恋愛や結婚、そして家族――。これからどんなふうに年を重ねていくのか、自分らしい形を探している山崎怜奈さん。20代後半の今だからこそ見えてきたこれからについて話を聞きました。


20代はもう飽きた

――『まっすぐ生きてきましたが』の中では何度か「恋愛戦線から降りたい」と綴っていらっしゃいます。これは他者から恋愛対象としてみられるのが居心地悪いからですか? または恋愛をするのが当たり前という社会的ムードに納得がいっていないのでしょうか?

 これは自分の職業特有のものだと思うんですけど、誰かに愛情を向けようとすると、どうしても第三者の目や仕事への影響など、いろんなことを考えてしまって疲れてしまうんです。語弊を生みそうな話なので、できれば拙著の本文をお読みいただけるとありがたいのですが、本来は「好きな人と一緒にいたい」という、ただそれだけのシンプルな気持ちのはずなのに、誰かの視線や価値観を気にしすぎてしまう自分への疲れというか、そこまで察知して慮らないといけないのか、とは思うんですが。

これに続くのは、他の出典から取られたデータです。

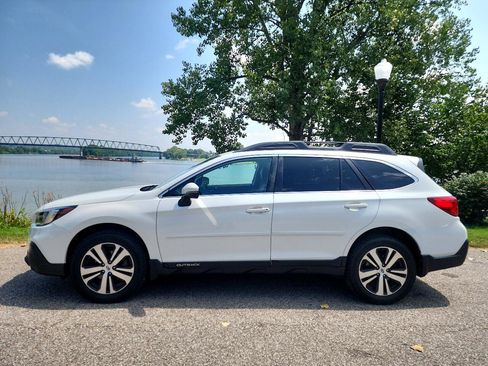 Used 2019 Subaru Outback 2.5i Limited w/ Popular Package #2 image 2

――私たちとは比べものにならないくらいたくさんのものを背負っていらっしゃいますもんね。

 気にしすぎかもしれませんが、どうしても、自分はこの社会において「商品」であるという意識が強くあって。性別を問わず友人がいるほうなのですが、異性の友人と会っている姿を勝手に撮られたりして、事実と違うことを書かれてしまったらと思うと、グループで活動していた頃は今以上にどうしても慎重になってしまいました。相手にも迷惑をかけてしまいますしね。大切な人との距離感の取り方をずっと試行錯誤しながら生きています。

――山崎さんがよくおっしゃっている「20代に飽きた」というのにも繋がりますね。

 はい。今の自分の状況も当たり前じゃないし、大切にしていきたいですが、その先にも興味が向いています。この連載の担当編集さんは40代でご出産されたんですが、「今まではとにかく仕事を優先して頑張ってきたけど、今は子育てが超楽しい」とおっしゃっていて。そういう方のお話を聞くと、自分がそのフェーズに入ったらどうなるんだろうとすごく楽しみです。

――では、年を重ねていくのは怖くないですね。

 全く! 早く年齢を重ねて、様々なことを経験していきたいです。結婚も子育ても、思い通りにはいかないし大変なこともあると思いますが、興味はあります。人生の経験を積むことで、社会に対してのまなざしも、発する言葉も変わっていくと思うので。政治や経済、そして教育に対して、自分の視座が広がっていくのも楽しみですね。